Lástima que Zefirelli no sea verdaderamente cristiano y no ahonde en el significado humano y sobrenatural del mensaje franciscano. Porque, vean, la pobreza, en sí, siempre será un mal, pasible de ser asumido cristianamente, recomendada incluso y vehementemente por Cristo, pero, en el fondo, siempre signo de miseria. Los bienes materiales de por si no son malos, al contrario. Es porque nosotros estamos desviados, inclinados al egoísmo, confundidos en la inteligencia, torcidos de nuestros auténticos fines, es por eso, que la riqueza se transforma en ocasión de soberbia, de avaricia, de ambición desordenada, de mezquindad, de explotación. No porque sean malas las riquezas en sí mismas. Es porque, en lugar de utilizarlas para nuestro bien y el de nuestro prójimo, se transforman en nuestra única meta, en fin, no en medio. En lugar de ponerlas a servir nos hacemos sus servidores. Es por ello que terminan siempre por hacer en nuestros corazones competencia idolátrica a Dios, alienándonos de nuestro verdadero destino.

 

Y, porque este riesgo de utilizarlas mal es inherente a nuestra naturaleza herida, por eso el Señor nos pide que seamos libres frente a ellas. Una sociedad que se mueve solo a instancias de los bienes materiales y que confunde la política con la economía y la prosperidad con el dinero y la abundancia, no puede sino engendrar hombres esclavizados, vacíos, animales, enajenados.

 

Se puede usar bien de la riqueza, sí, pero siempre es peligros y aleatorio hacerlo y el Señor en el evangelio lo dice claro –‘el camello pasando por el ojo de la aguja’, ‘no se puede servir a dos señores: o a Dios o al dinero’, ‘el que quiera ser perfecto…’‑.

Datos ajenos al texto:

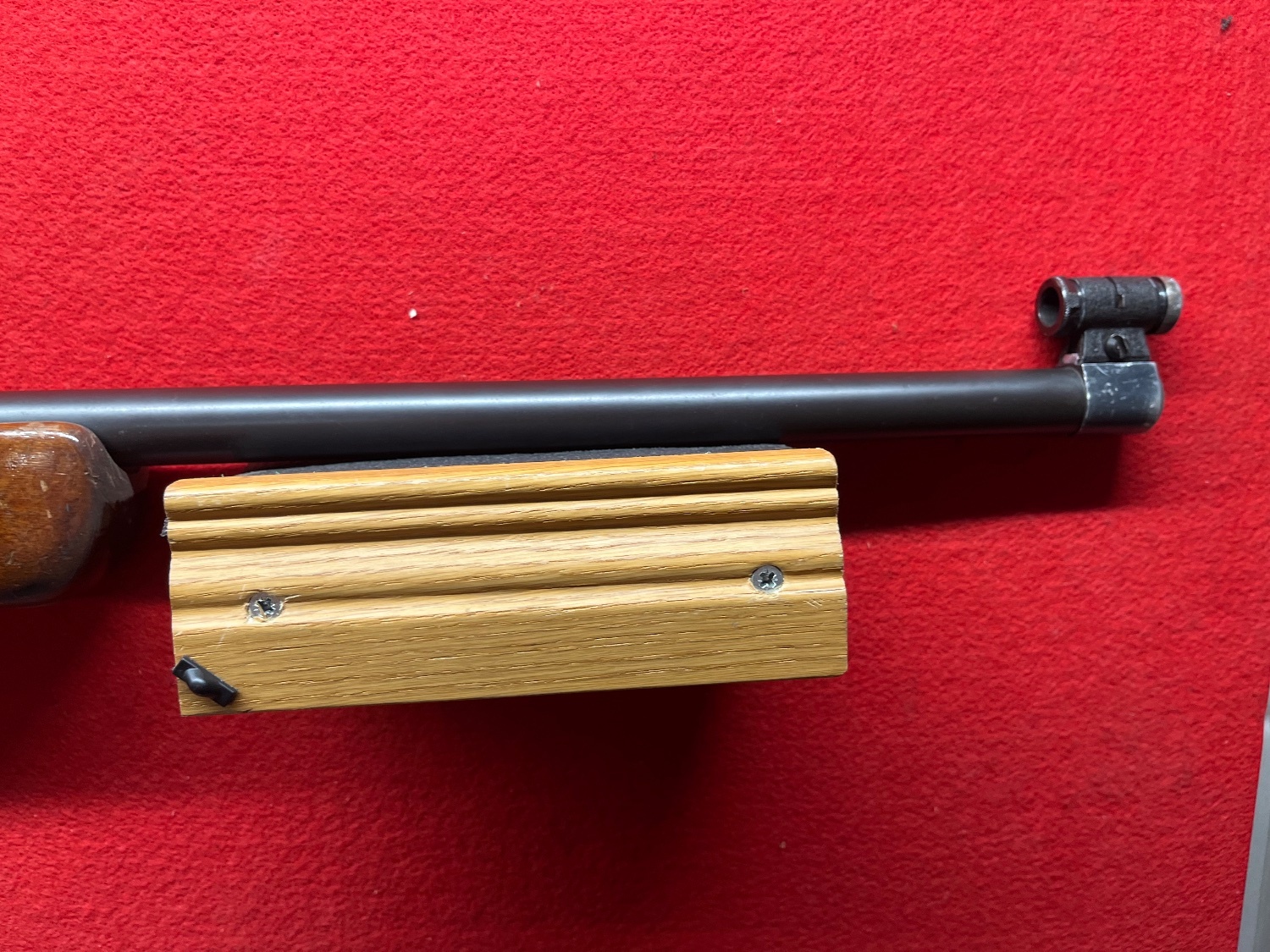 Walther Match Bolt Action .22 RF Rifle - {CATEGORY}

San Francisco lo entendió con toda claridad y aunque nunca negó que se pudiera servir a Dios sirviéndose del dinero, prefirió, personalmente, servir a Dios sin él.

Por eso la pobreza –al menos ‘la pobreza de espíritu’ que nos desata, en el fondo de nosotros mismos, de todo lo que poseemos‑ es condición inseparable de la vida cristiana. No basta la virtud moral de la temperancia o la templanza.

Y así también lo indicó Jesús como prueba y pasaportes de la autenticidad de sus apóstoles:

Entonces Jesús llamó a los doce y los envió de dos en dos. Y les ordenó que no llevaran para el camino más que un bastión; que fueran calzados con sandalias y que no tuvieran dos túnicas: ni pan, ni alforja, ni dinero…

 

 



[i] En el plano filosófico varias obras y autores tuvieron gran influencia en una parte del movimiento: Wilhelm Reich, freudomarxista, cuyo manifiesto, La revolución sexual, daba nombre a una de las consignas más repetidas y perversas del movimiento; el mencionado Herbert Marcuse con El hombre unidimensional, publicado en Francia en 1964 y que tuvo que ser reeditado en el 68. También Fromm, pero éste representa una crítica más sólida y más humana. A pesar de su marxismo y raíces freudianas, su judaísmo tradicional no aprueba la revolución sexual que llevaba adelante todo este movimiento. También, a su manera, era más serio el filósofo marxista Louis Althusser formador de una generación de pensadores marxista-leninistas que integraron el embrión de las primeras organizaciones maoistas.